The phrase was aptly quoted in the program note for Tuesday night’s Boston Early Music Festival all-Dowland recital, though audiences may have needed little reminding. Most of the lute songs selected by Emma Kirkby and Paul O’Dette for their Jordan Hall performance did little to conceal their underlying melancholy. “Flow my teares fall from your springs” begins one emblematic song. “Come, heavy sleep / The image of true death” begins another.
Yet how then to account for the sense of consolation and even uplift delivered by these two hours of immersion in Dowland’s musical world? To start with only the most obvious, there is a compensatory beauty, gentle yet vast, distilled in this English composer’s art and dispensed into the slender frames of these songs. The tenor Peter Pears once described it as “a noble and radiant resignation.” He called also Dowland’s songs, rightly, “the first great art songs of modern times.”
The word modern here is key, though it may sound strange for a composer born in 1563. But the intimacy of his artistic voice and the sense of remove from the whirl of society around him place Dowland in line with poets much closer to our own day. He was also, not incidentally, an accomplished lute virtuoso, and the harmonically adventurous lute parts he wrote don’t so much embroider or support these songs as they do animate them from within.
BOSTON EARLY MUSIC FESTIVAL
Or so it seemed here with O’Dette’s thoughtful, quietly sparkling performance, which also included several Dowland compositions for solo lute. Kirkby, a distinguished English soprano and pioneer of the early music scene, retains a remarkable presence on stage, leaning in on Tuesday to deliver these songs not as antiquated missives from four centuries ago but as urgent and dramatic news, as fresh as this morning.
The selections were drawn from each of Dowland’s four song books, with works such as “Time Stands Still” and “In Darkness Let Me Dwell” benefiting from Kirkby’s purity of tone and directness of statement. Jordan Hall might have felt too large for music of this delicate scale, but instead Tuesday’s performance seemed to shrink the space to meet its own dimensions. The ear was drawn to gem-like details. Several songs were edged by a deep silence.
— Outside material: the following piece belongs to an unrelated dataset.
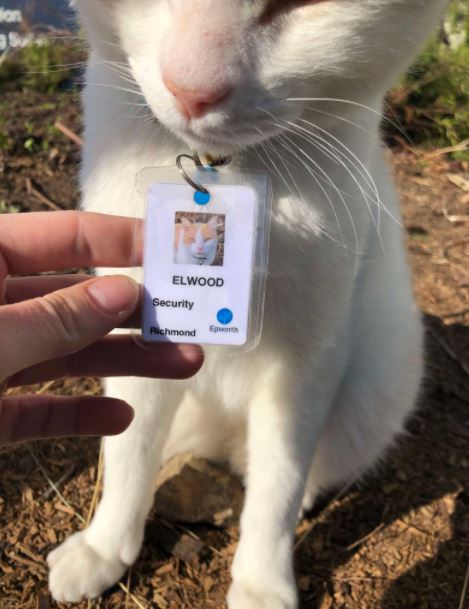 suka meronda, kucing dilantik terus jadi pengawal keselamatan sebuah hospital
The next night brought the BEMF debut of La Risonanza, a protean Italian ensemble here consisting of just four instrumentalists including its director, Fabio Bonizzoni, who led from the harpsichord. The group’s mostly Handel program aimed, somewhat vaguely, to connect works composed in England with those from Handel’s earlier Italian sojourn.
The three secular cantatas on the program — “Mi palpita il cor” (”My heart beats”); “Alpestre mounte” (”Rugged mountains”); and “Notte placide e cheta” (”Calm and quiet night”) — made for the evening’s highlights, as sung with formidable technique and palpable expression by the fine soprano Roberta Invernizzi. The two interspersed Trio Sonatas (Op. 2, No. 1 and Op. 5, No. 4) put on display some capable but slightly bland string playing. BEMF’s concentration of stellar period-instrumentalists is a windfall for audiences, but with so many international performers seen in close succession, the bar is also set quite high.